Modulus: Factory Automation – Análisis: sin límites

La mejor prueba para saber si un juego es bueno o no es que te haga perder la noción del tiempo. Te digo esto pues me pasó algo bien extraño con Modulus: Factory Automation y es que mi primera partida duró más de seis horas, y la única razón por la que paré fue porque mi cuerpo lo exigió, no porque el juego me lo pidiera.

A diferencia de muchos juegos del género, en Modulus los recursos son ilimitados. No hay costes de construcción, no hay temporizadores y puedes crear cualquier máquina de forma inmediata. Lo que importa, y lo que realmente te pondrá a pensar, es cómo transformas la poliroca, la materia prima principal, en módulos, datos, droides y demás pedidos que te haga la Colonia.

La historia te pondrá en los zapatos de Dédalo Uno, un ser creado con el único propósito de construir droides para esta Colonia. Y ya. El juego no te da más detalles de su trasfondo, ni te ofrece grandes revelaciones narrativas, porque sabe perfectamente que el gameplay es el verdadero protagonista.

Ahora bien, crear la línea de producción no es tan simple como suena. Pues para producir los recursos y módulos necesarios de cada edificio, primero debes convertir la poliroca en cubos de 8×8 y con este nuevo elemento moldearlos mediante cortadoras, ensambladoras y hasta ponerles color.

Por ejemplo, tendrás que convertir este pequeño cubo en…

…Este módulo. Y para eso necesitarás cortar muchas veces, troquelar, pintar y finalmente ensamblar las partes.

A medida que avanzas, las exigencias crecerán, por lo que necesitarás líneas de suministro que combinen varias cortadoras, troqueladoras y múltiples ensambladoras para crear diseños que exprimirán al máximo tu inteligencia espacial.

A diferencia de los recursos, el espacio de construcción no es ilimitado y conforme vas creando nuevas líneas, el espacio empieza a apretarse. Por lo que tendrás que comprar una nueva isla, pero estas solo se pueden adquirir con permisos especiales, que solo te darán cuando subas de rango, así que siempre estás pensando en dos cosas al mismo tiempo, optimizar lo que tienes y prepararte para lo que viene.

El ciclo de día y noche hace que tu pequeña fábrica automatizada se sienta más viva.

La progresión viene ligada a un árbol de tecnologías donde, a cambio de Concentradores de Datos grises, azules o amarillos, liberarás nuevas máquinas que harán tu trabajo más fácil y eficiente. Para obtenerlos más rápidamente, te sugiero completar los Retos, en esta pestaña te pedirán construir distintas formaciones de bloques y, si dejas la línea funcionando hasta entregar al menos 800, recibirás bonos de experiencia y concentradores adicionales que aceleran tu progresión de forma considerable.
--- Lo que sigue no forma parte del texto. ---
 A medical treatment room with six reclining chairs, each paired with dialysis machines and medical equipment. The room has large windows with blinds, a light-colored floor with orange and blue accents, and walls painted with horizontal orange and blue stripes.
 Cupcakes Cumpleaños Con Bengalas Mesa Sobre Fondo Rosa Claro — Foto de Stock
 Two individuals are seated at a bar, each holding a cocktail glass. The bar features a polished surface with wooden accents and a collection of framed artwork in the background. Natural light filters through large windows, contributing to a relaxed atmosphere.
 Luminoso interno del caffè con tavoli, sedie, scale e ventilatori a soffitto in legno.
Fuera del modo historia, existe un modo creativo que elimina por completo las líneas de suministro y te entrega generadores de recursos para que experimentes con total libertad. Es el espacio perfecto para quienes quieren construir paisajes, letreros o probar configuraciones sin restricciones.
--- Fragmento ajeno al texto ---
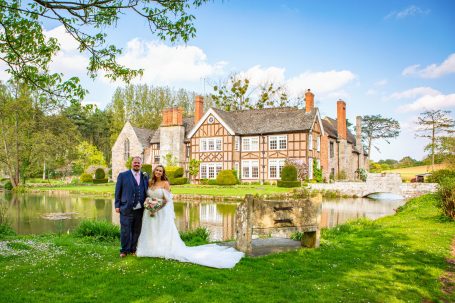 A bride and groom pose by a picturesque country house near a serene lake.
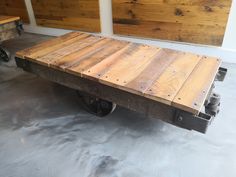 a wooden table sitting on top of a metal cart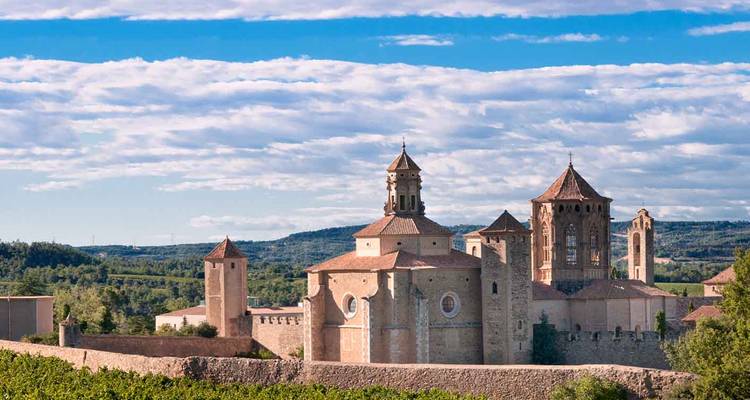 Rural backdrop of Poblet Monastery with stone towers and church amid rolling hills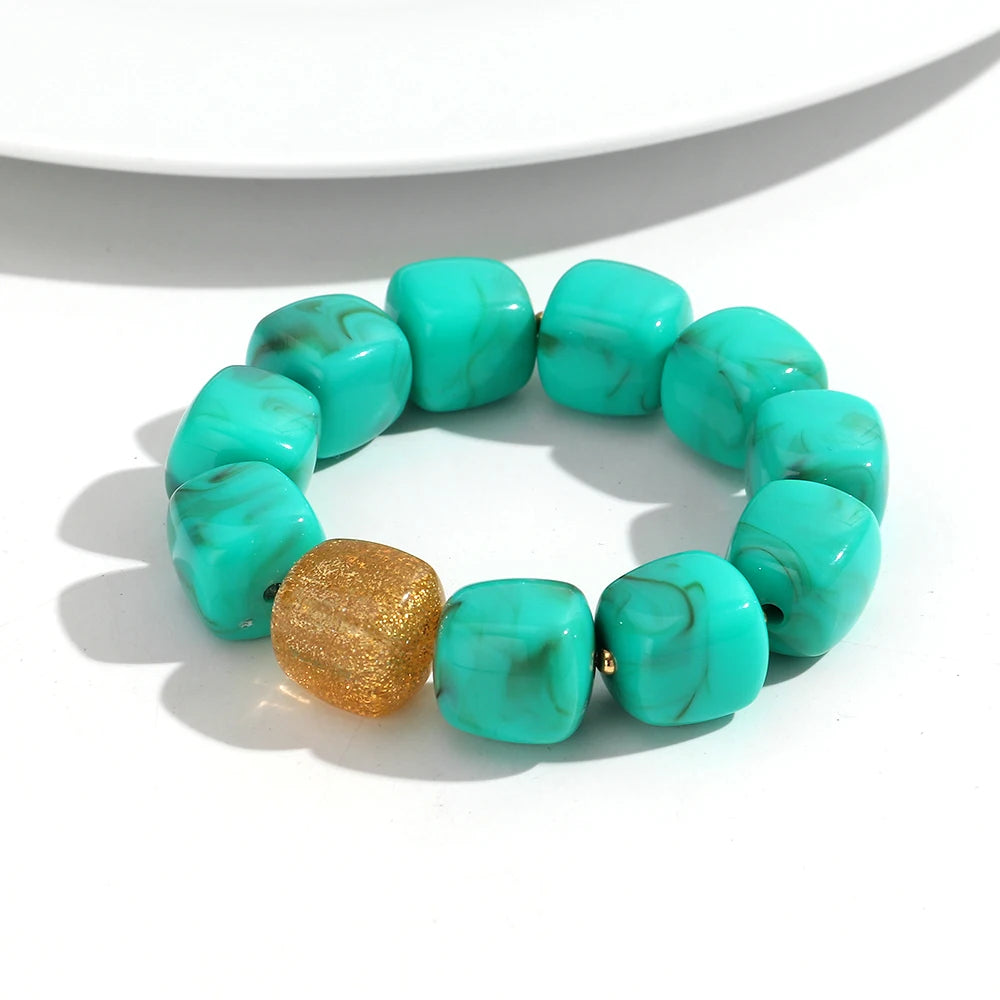 Turquoise beaded bracelet with a gold accent on a white background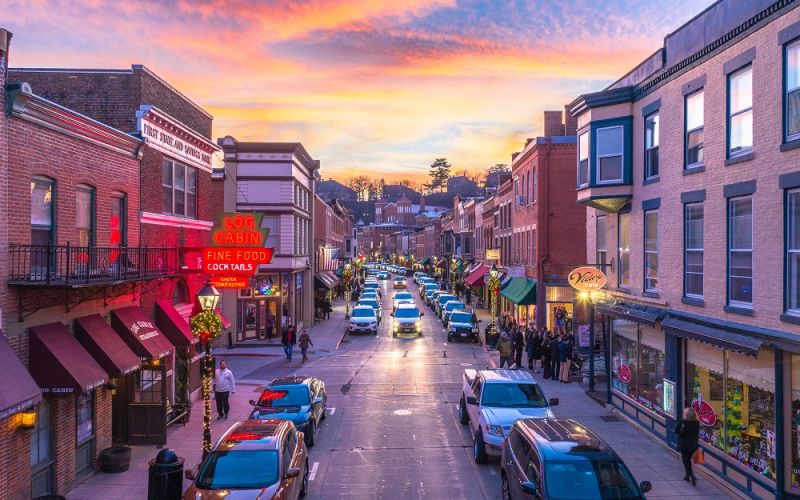 Candlelit luminaria bags lining a snowy Galena street at dusk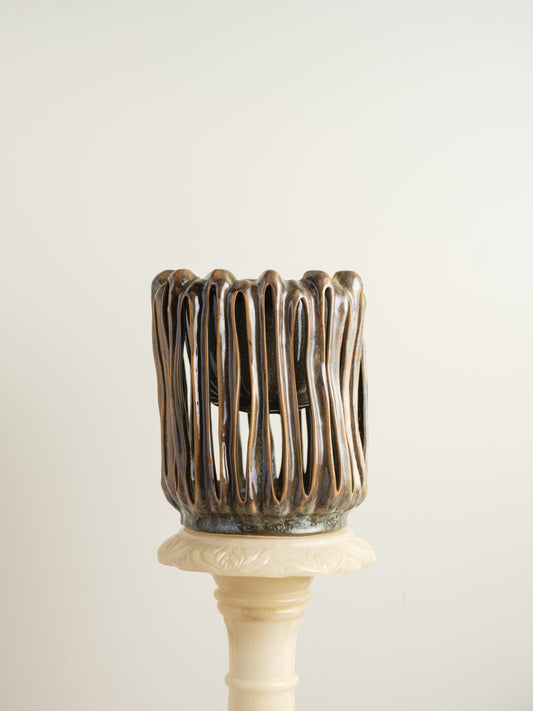 Ceramic vessel titled Drip Cage Vessel, featuring vertical dripping glaze lines forming an openwork cage-like structure with earthy brown and blue tones.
Yo, con la poca imaginación que tengo, pude construir esto y no me imagino lo que la comunidad terminará creando en los próximos meses.

A pesar de los grandes aciertos, hay elementos que pudieron ser mejores, como la identificación de los edificios de producción, tal vez un holograma en el techo o hasta un letrero. También hace mucha falta una mezcla del modo creativo con el modo historia, donde pudiéramos centrarnos en los Retos; eso hubiera sido espectacular.

En cuanto al rendimiento, en nuestro PC de pruebas, el juego se mantuvo en unos 180 fps muy estables a 2K sin importar cuántas islas o líneas tuviéramos activas. Uno de los detalles más bonitos que tiene es que puedes acercarte completamente a tus construcciones y verlas en acción como una pequeña ciudad automatizada, sin que el juego oculte sus modelados ni pierda detalle.

Otro de los puntos débiles de Modulus es su banda sonora, o más bien la falta de ella. Apenas suena una tonada de fondo muy leve, y aunque entiendo que la intención es mantener un ritmo calmado, el juego merecía música con algo más de fuerza.

Finalmente, Modulus es una de esas gratas sorpresas independientes. Por supuesto, no es para todo el mundo, pero para quienes quieran construir sin preocuparse por presupuestos, materiales o temporizadores, es una joya que merece ser descubierta.

Sin más que agregar, te recuerdo que Modulus: Factory Automation ya está disponible en exclusiva para PC vía Steam y también cuenta con una demo gratuita para que lo pruebes antes de decidirte.